TO DO: Lines before the one containing "IDEAL LUX Κρεμαστό" are not wanted; restate the rest below word for word, through the last line, but drop any pictures.

□ □ □

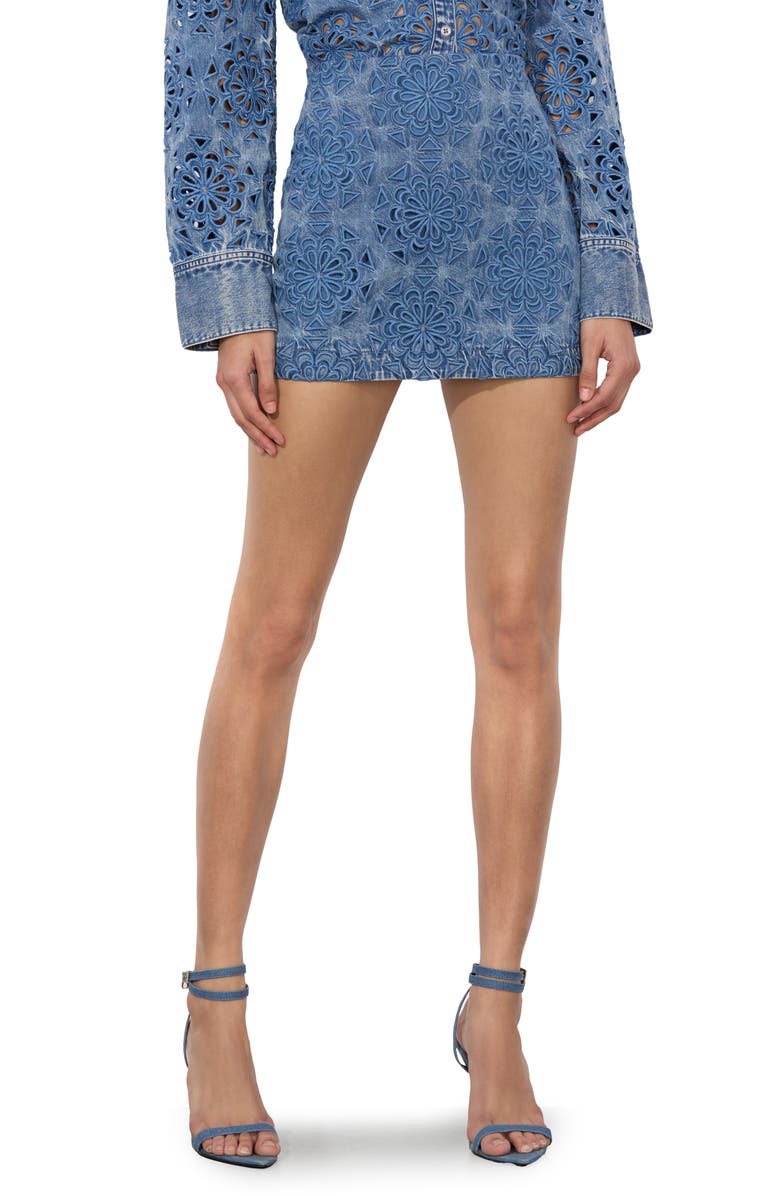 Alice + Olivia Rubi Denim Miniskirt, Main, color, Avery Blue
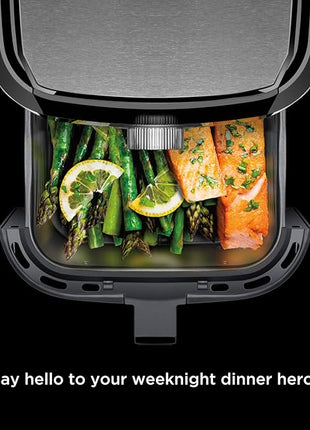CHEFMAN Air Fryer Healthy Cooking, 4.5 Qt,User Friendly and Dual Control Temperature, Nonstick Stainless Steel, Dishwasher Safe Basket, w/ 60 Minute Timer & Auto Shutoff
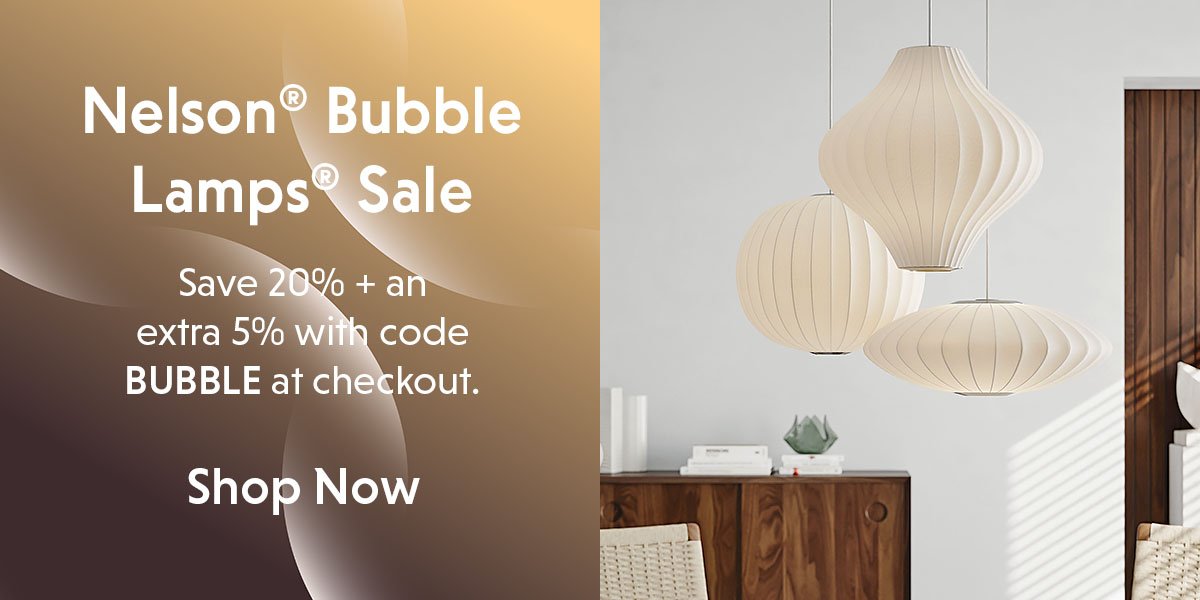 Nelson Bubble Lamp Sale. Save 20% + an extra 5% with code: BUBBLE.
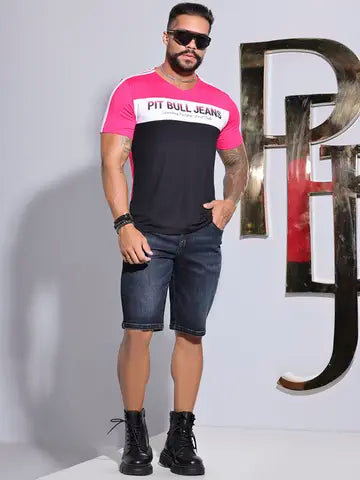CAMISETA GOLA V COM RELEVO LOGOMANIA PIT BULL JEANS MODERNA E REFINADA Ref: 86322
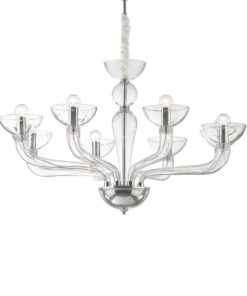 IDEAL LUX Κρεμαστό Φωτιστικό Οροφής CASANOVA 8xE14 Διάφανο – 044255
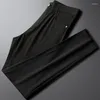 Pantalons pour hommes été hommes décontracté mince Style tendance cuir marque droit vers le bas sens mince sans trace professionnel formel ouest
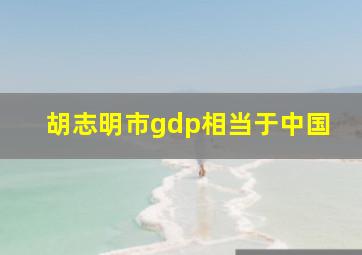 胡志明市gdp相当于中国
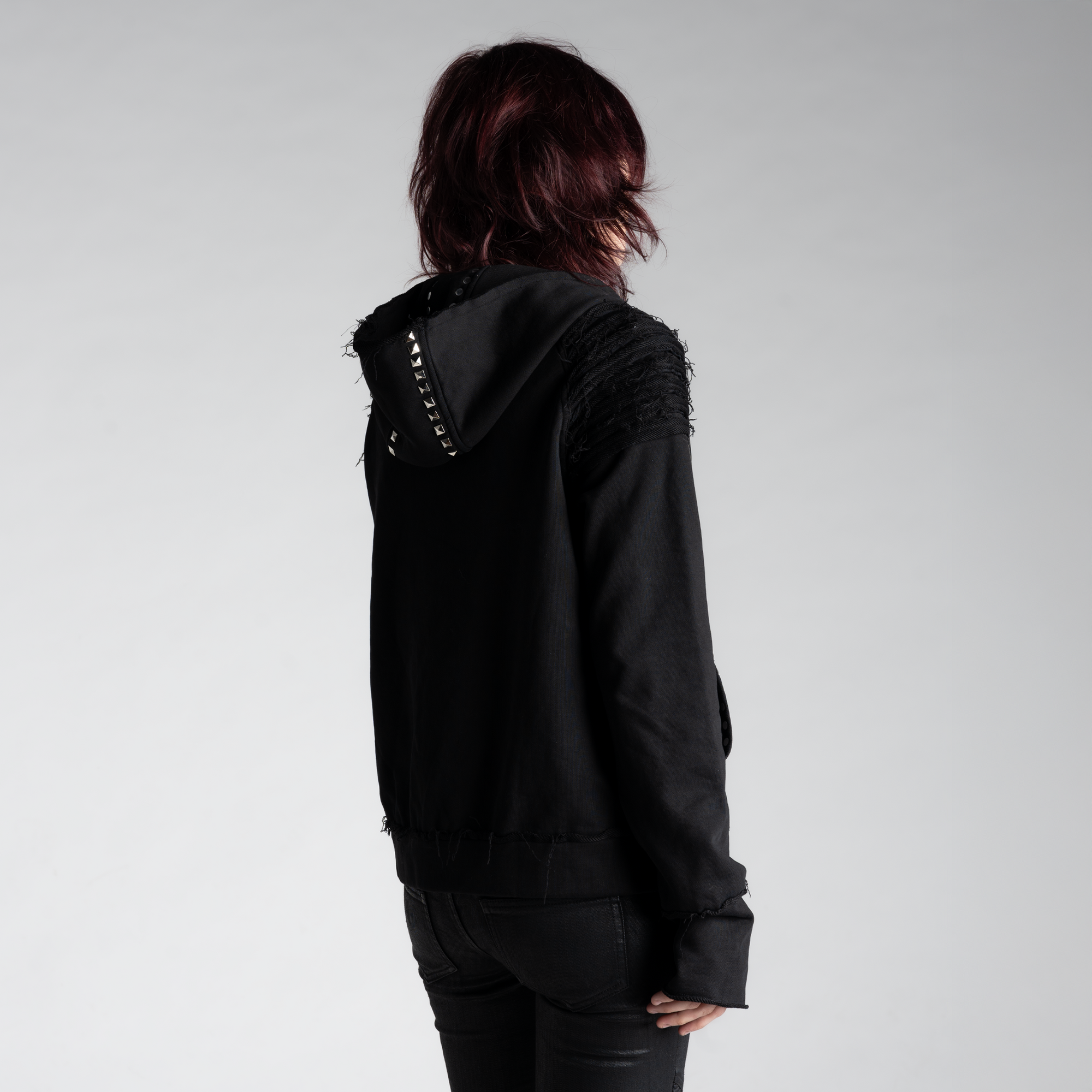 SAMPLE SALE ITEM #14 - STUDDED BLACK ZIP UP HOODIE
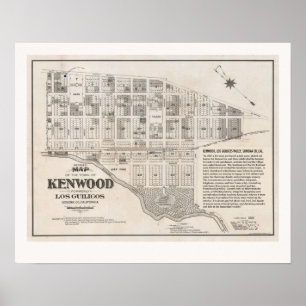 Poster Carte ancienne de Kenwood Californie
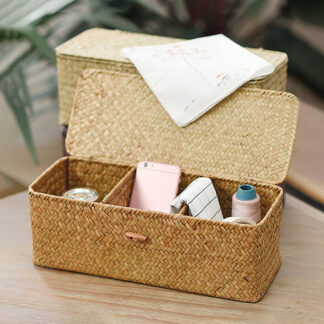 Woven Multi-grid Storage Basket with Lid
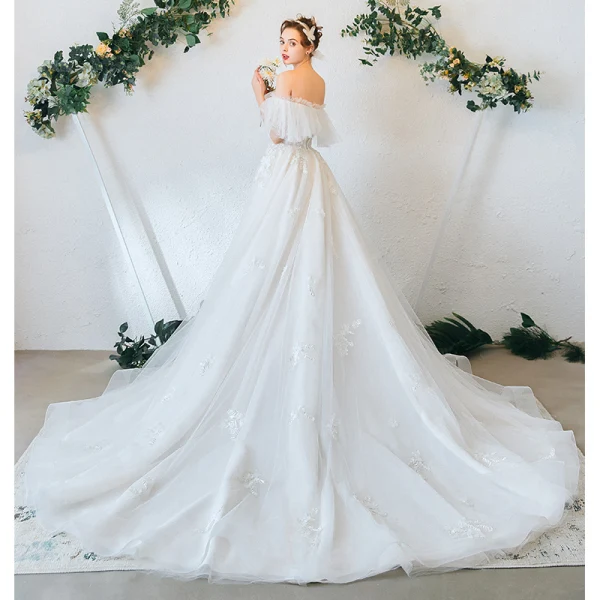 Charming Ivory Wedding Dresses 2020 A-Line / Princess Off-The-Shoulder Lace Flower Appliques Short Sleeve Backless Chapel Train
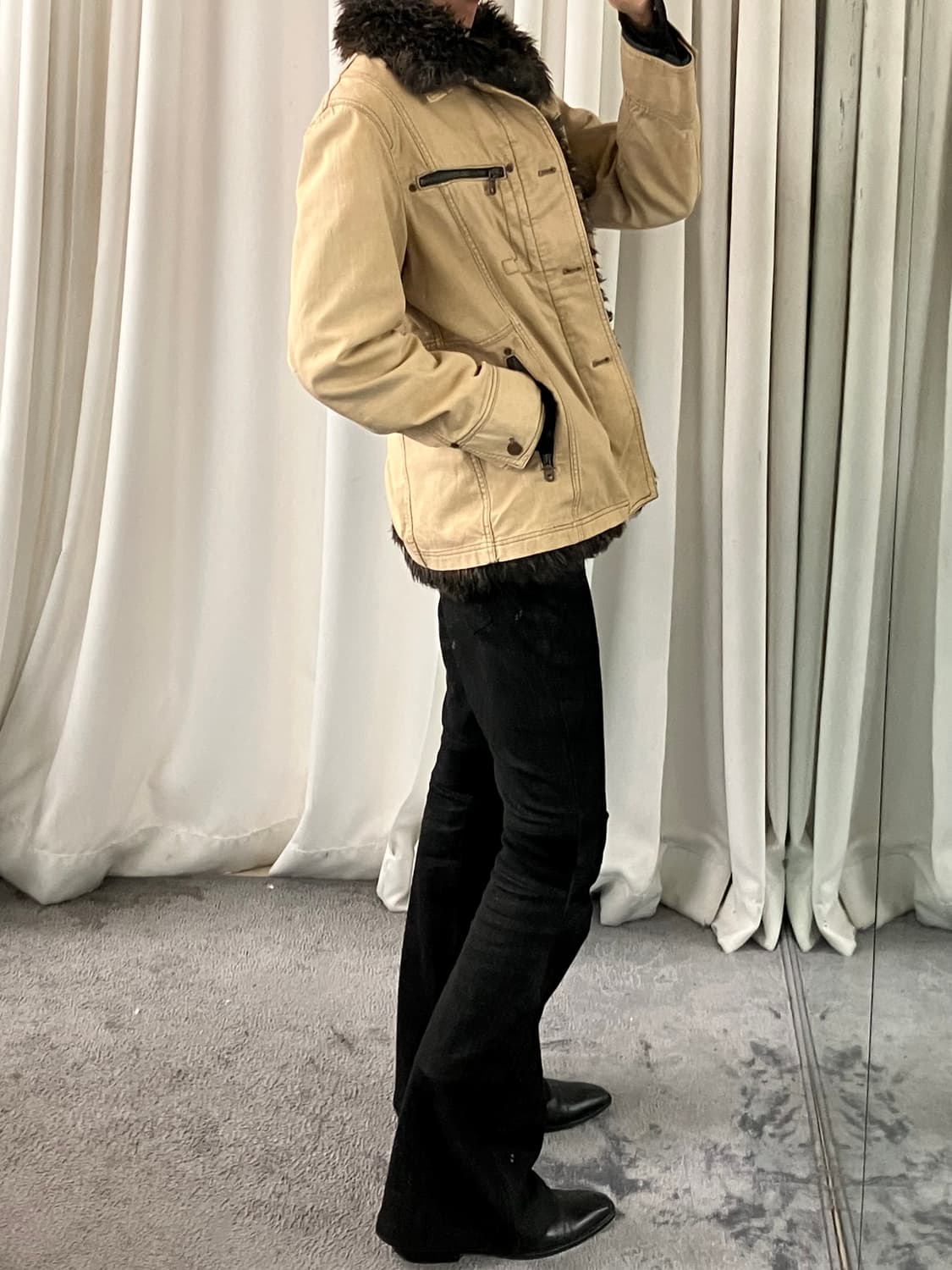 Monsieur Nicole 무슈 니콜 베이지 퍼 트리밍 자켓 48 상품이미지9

□ □ □

EXERCISE SOLUTION:
 IDEAL LUX Κρεμαστό Φωτιστικό Οροφής CASANOVA 8xE14 Διάφανο – 044255
 Pantalons pour hommes été hommes décontracté mince Style tendance cuir marque droit vers le bas sens mince sans trace professionnel formel ouest
 胡志明市gdp相当于中国
 SAMPLE SALE ITEM #14 - STUDDED BLACK ZIP UP HOODIE
 Poster Carte ancienne de Kenwood Californie
 Woven Multi-grid Storage Basket with Lid
 Charming Ivory Wedding Dresses 2020 A-Line / Princess Off-The-Shoulder Lace Flower Appliques Short Sleeve Backless Chapel Train
 Monsieur Nicole 무슈 니콜 베이지 퍼 트리밍 자켓 48 상품이미지9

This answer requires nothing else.